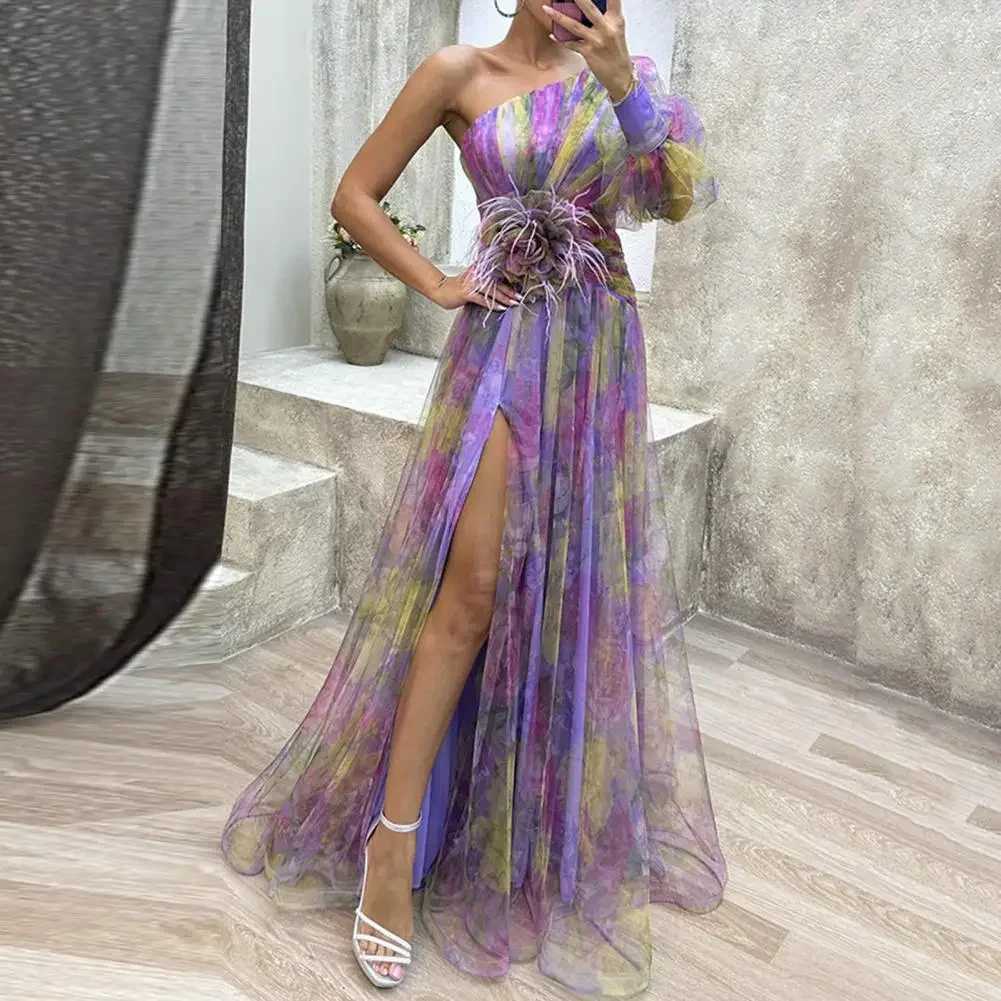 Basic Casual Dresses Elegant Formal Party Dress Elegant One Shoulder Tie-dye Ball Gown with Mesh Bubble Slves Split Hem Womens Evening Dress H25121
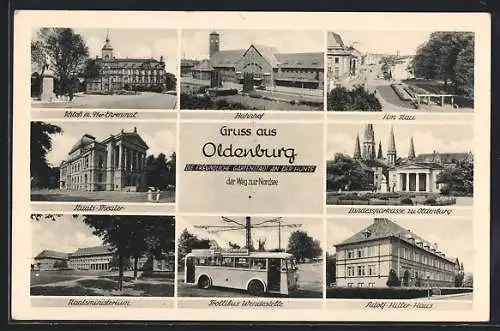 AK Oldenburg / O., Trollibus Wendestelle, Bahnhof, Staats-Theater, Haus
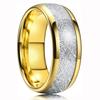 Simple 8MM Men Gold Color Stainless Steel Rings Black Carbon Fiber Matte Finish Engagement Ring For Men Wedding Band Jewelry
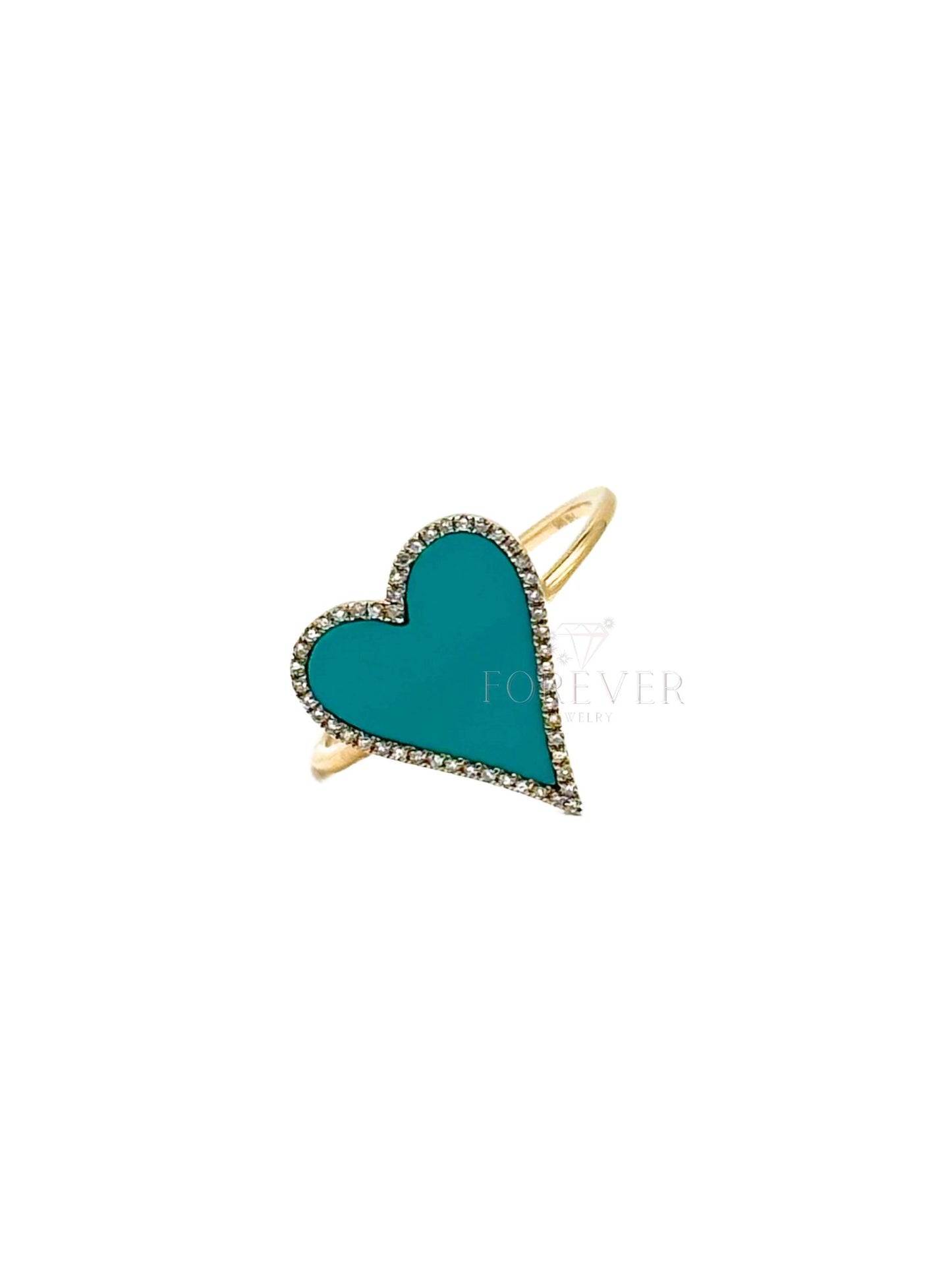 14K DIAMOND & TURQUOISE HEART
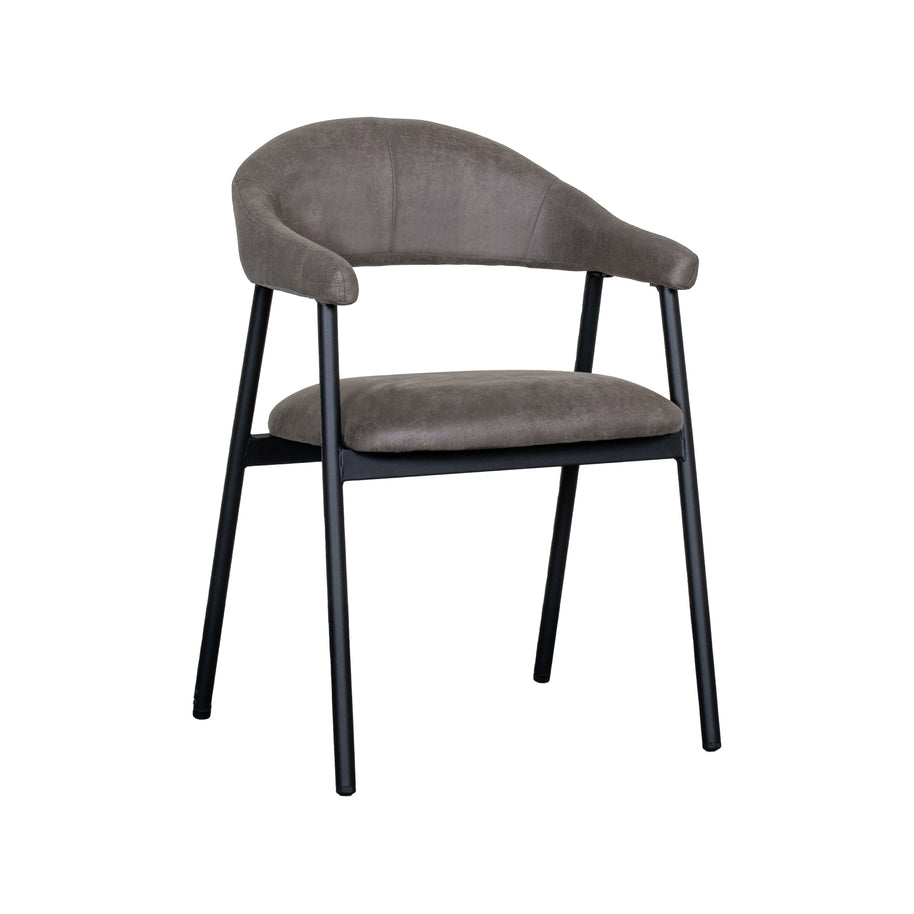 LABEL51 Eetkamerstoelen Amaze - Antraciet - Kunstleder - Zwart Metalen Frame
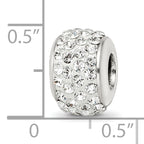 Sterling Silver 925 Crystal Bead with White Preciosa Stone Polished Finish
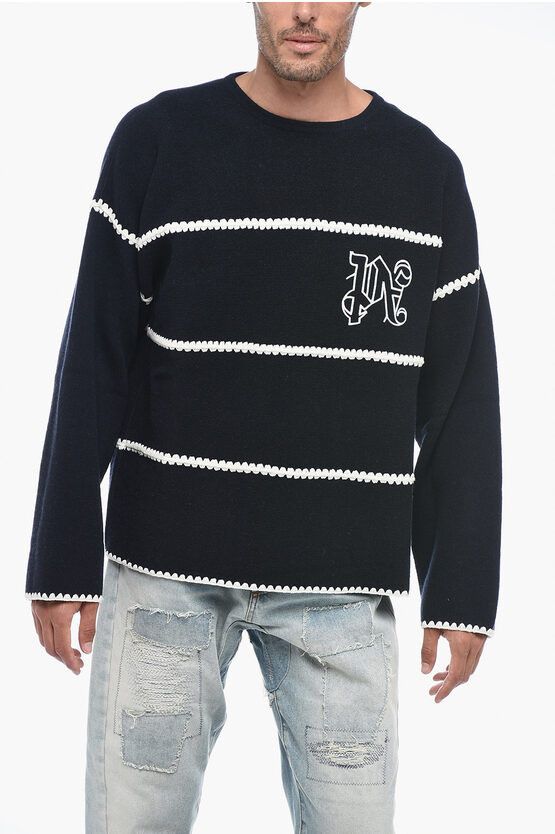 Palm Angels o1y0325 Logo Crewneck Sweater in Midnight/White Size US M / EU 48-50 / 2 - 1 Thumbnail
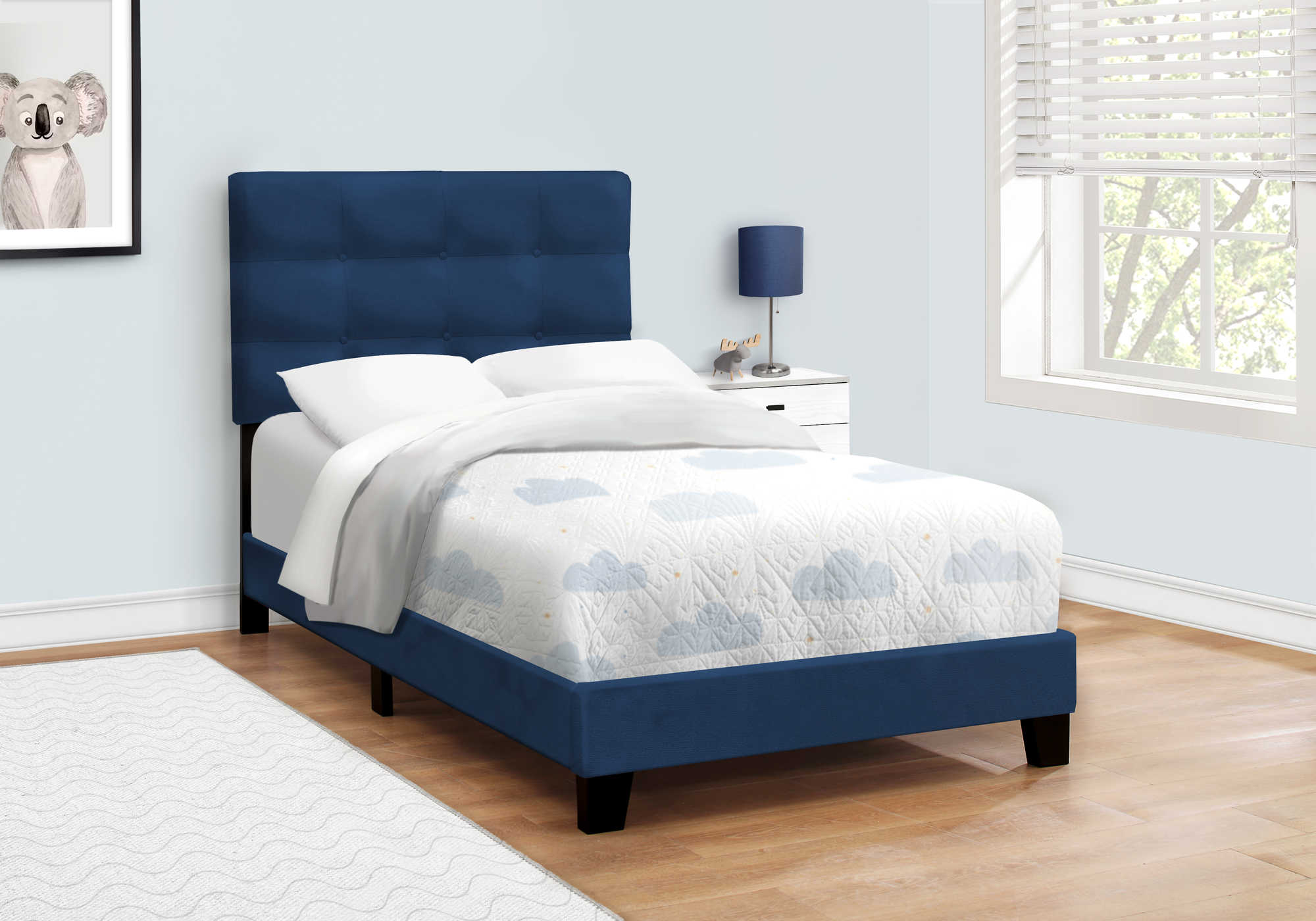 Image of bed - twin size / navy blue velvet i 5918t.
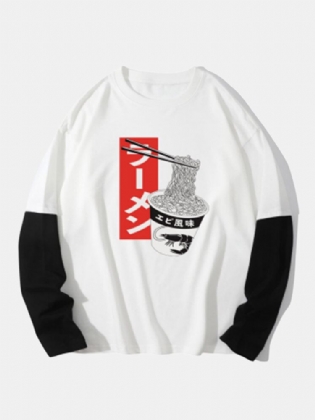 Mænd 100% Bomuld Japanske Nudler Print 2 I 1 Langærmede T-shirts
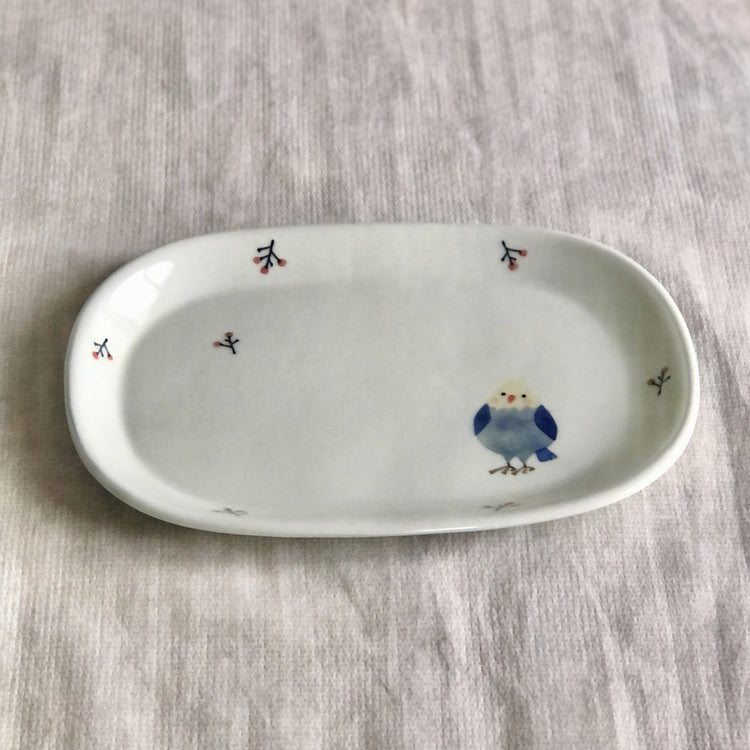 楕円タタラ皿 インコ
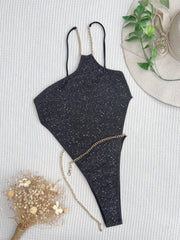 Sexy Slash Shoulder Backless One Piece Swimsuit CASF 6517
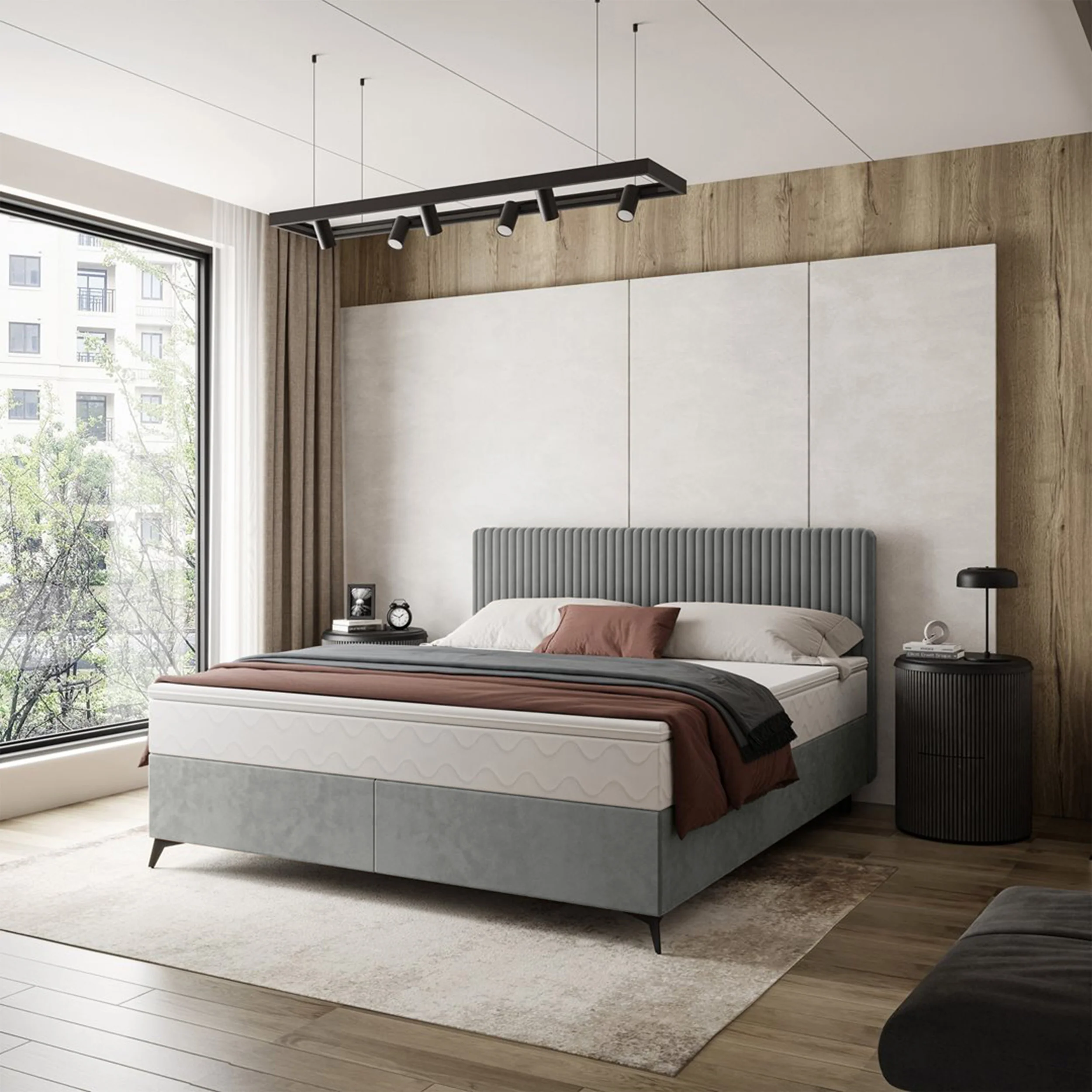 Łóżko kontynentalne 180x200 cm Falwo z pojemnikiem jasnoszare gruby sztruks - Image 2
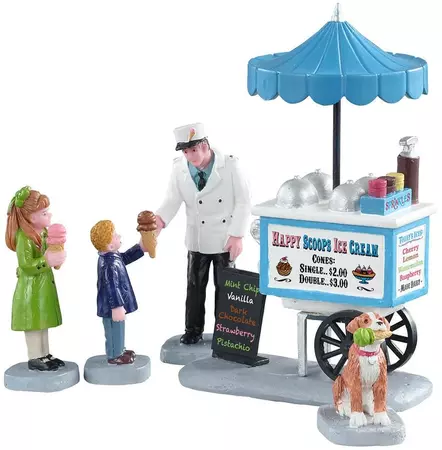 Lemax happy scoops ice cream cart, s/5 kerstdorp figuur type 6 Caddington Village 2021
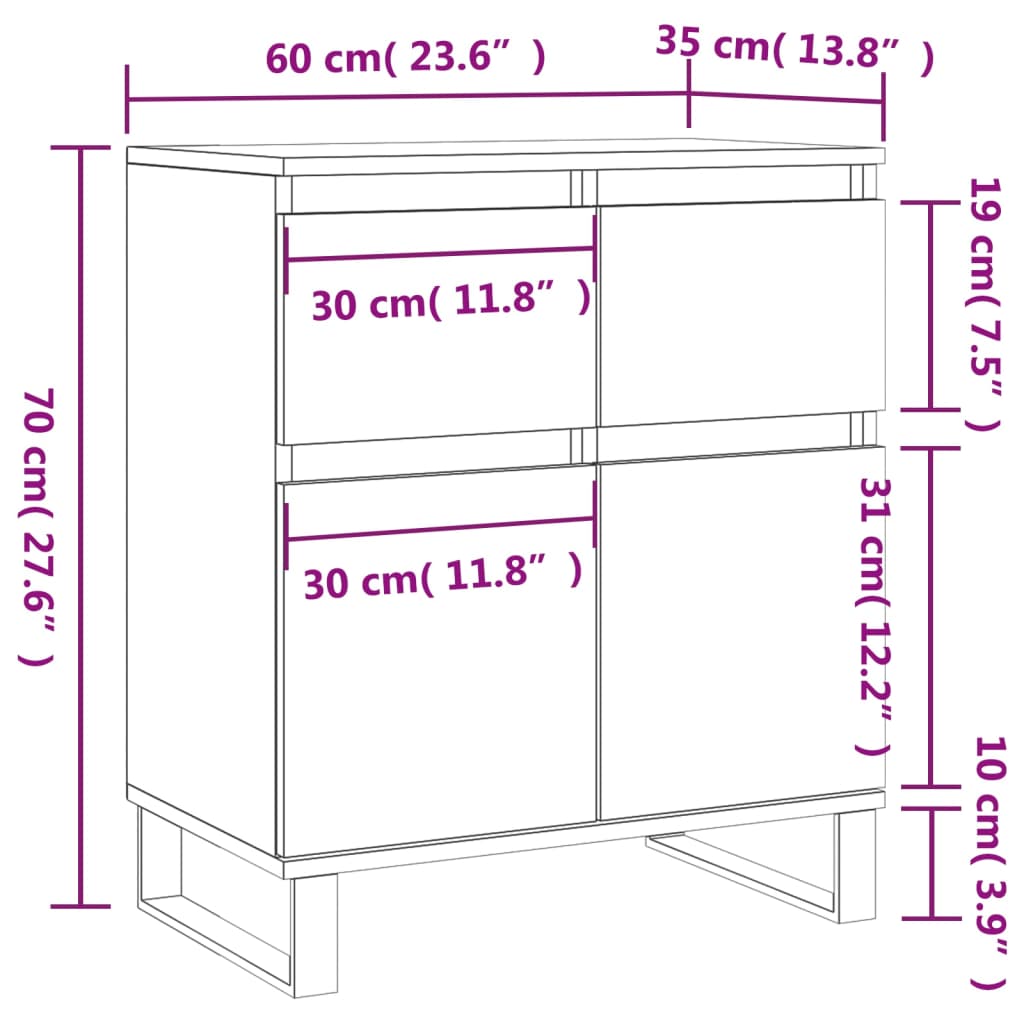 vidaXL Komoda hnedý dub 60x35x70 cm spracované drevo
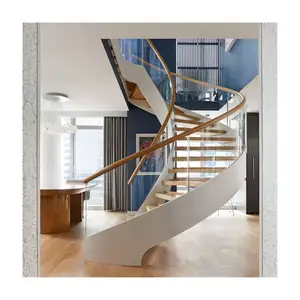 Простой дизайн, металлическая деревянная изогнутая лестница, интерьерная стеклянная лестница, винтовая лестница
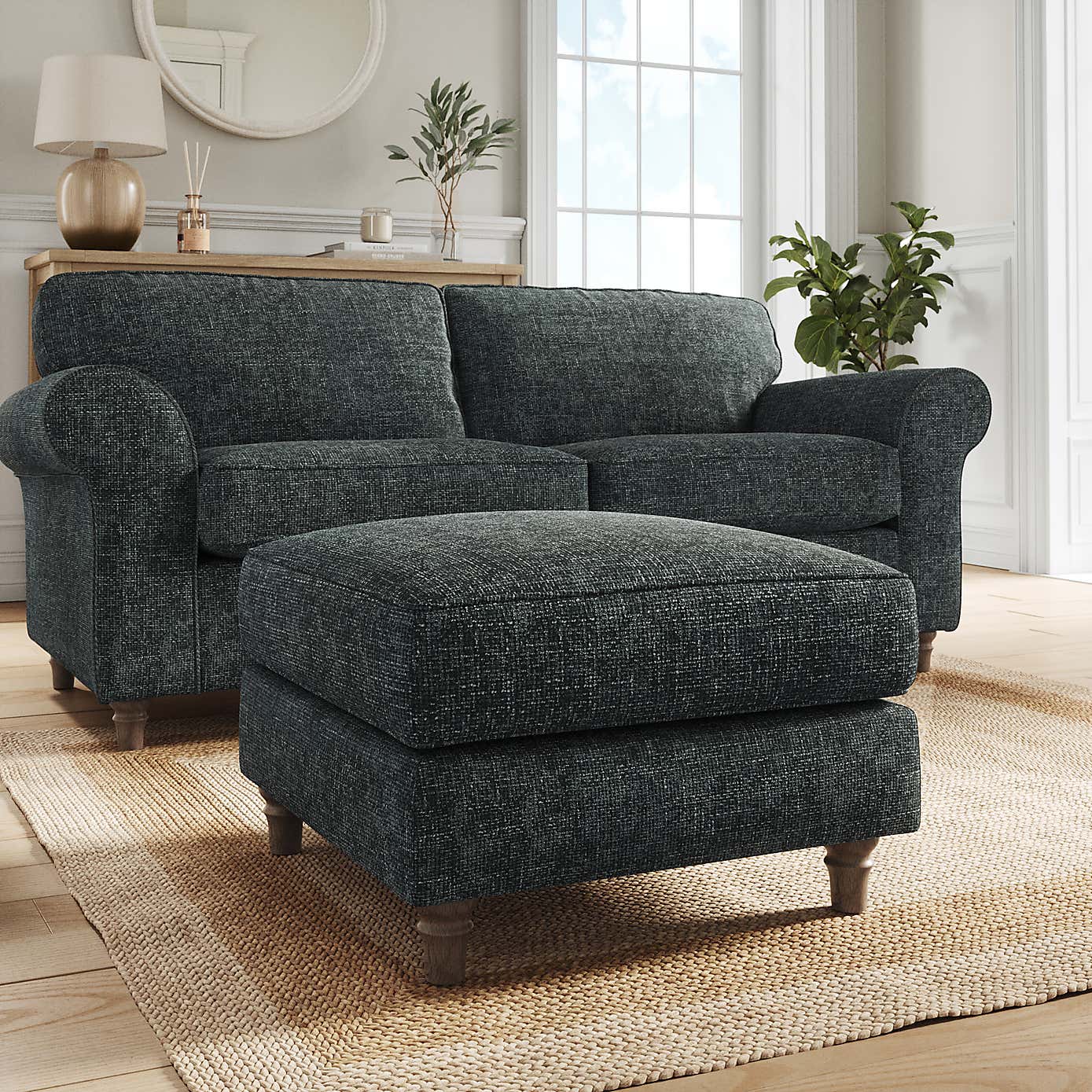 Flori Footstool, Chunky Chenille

────────────────────────────────────────

TASK OBJECTIVE
Drop the pictures, then write out only the lines running from the one containing "Simple 8MM Men" through the last line above, both included, exactly.

TASK ANSWER
 Simple 8MM Men Gold Color Stainless Steel Rings Black Carbon Fiber Matte Finish Engagement Ring For Men Wedding Band Jewelry
 14K DIAMOND & TURQUOISE HEART
 LABEL51 Eetkamerstoelen Amaze - Antraciet - Kunstleder - Zwart Metalen Frame
 Sterling Silver 925 Crystal Bead with White Preciosa Stone Polished Finish
 Palm Angels o1y0325 Logo Crewneck Sweater in Midnight/White Size US M / EU 48-50 / 2 - 1 Thumbnail
 Image of bed - twin size / navy blue velvet i 5918t.
 Mænd 100% Bomuld Japanske Nudler Print 2 I 1 Langærmede T-shirts
 楕円タタラ皿 インコ
 Sexy Slash Shoulder Backless One Piece Swimsuit CASF 6517
 Łóżko kontynentalne 180x200 cm Falwo z pojemnikiem jasnoszare gruby sztruks - Image 2
 Lemax happy scoops ice cream cart, s/5 kerstdorp figuur type 6 Caddington Village 2021
 vidaXL Komoda hnedý dub 60x35x70 cm spracované drevo
 Простой дизайн, металлическая деревянная изогнутая лестница, интерьерная стеклянная лестница, винтовая лестница
 Flori Footstool, Chunky Chenille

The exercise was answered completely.